When contributing recognizers to the Presidio OSS, new predefined recognizers should be added to the supported entities list, and follow the contribution guidelines.

Performance

Make sure your recognizer doesn't take too long to process text. Anything above 100ms per request with 100 tokens is probably not good enough.

Environment

When adding new recognizers that have 3rd party dependencies, make sure that the new dependencies don't interfere with Presidio's dependencies.
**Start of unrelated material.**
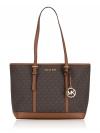 Signature Jet Set Travel Small Shoulder Tote Brown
In the case of a conflict, one can create an isolated model environment (outside the main presidio-analyzer process) and implement a RemoteRecognizer on the presidio-analyzer side to interact with the model's endpoint.

Recognizer Types

Generally speaking, there are three types of recognizers:

Deny Lists

A deny list is a list of words that should be removed during text analysis. For example, it can include a list of titles (["Mr.", "Mrs.", "Ms.", "Dr."] to detect a "Title" entity.)

See this documentation on adding a new recognizer. The PatternRecognizer class has built-in support for a deny-list input.

Pattern Based

Pattern based recognizers use regular expressions to identify entities in text. See this documentation on adding a new recognizer via code. The PatternRecognizer class should be extended. See some examples here:

Examples

Examples of pattern based recognizers are the CreditCardRecognizer and EmailRecognizer.

Machine Learning (ML) Based or Rule-Based

Many PII entities are undetectable using naive approaches like deny-lists or regular expressions. In these cases, we would wish to utilize a Machine Learning model capable of identifying entities in free text, or a rule-based recognizer.

ML: Utilize SpaCy, Stanza or Transformers

Presidio currently uses spaCy as a framework for text analysis and Named Entity Recognition (NER), and stanza and huggingface transformers as an alternative. To avoid introducing new tools, it is recommended to first try to use spaCy, stanza or transformers over other tools if possible. spaCy provides decent results compared to state-of-the-art NER models, but with much better computational performance. spaCy, stanza and transformers models could be trained from scratch, used in combination with pre-trained embeddings, or be fine-tuned.

In addition to those, it is also possible to use other ML models. In that case, a new EntityRecognizer should be created. See an example using Flair here.

Apply Custom Logic

In some cases, rule-based logic provides reasonable ways for detecting entities. The Presidio EntityRecognizer API allows you to use spaCy extracted features like lemmas, part of speech, dependencies and more to create your logic. When integrating such logic into Presidio, a class inheriting from the EntityRecognizer should be created.

Considerations for selecting one option over another

Accuracy.
Ease of integration.
Runtime considerations (For example if the new model requires a GPU).
3rd party dependencies of the new model vs. the existing presidio-analyzer package.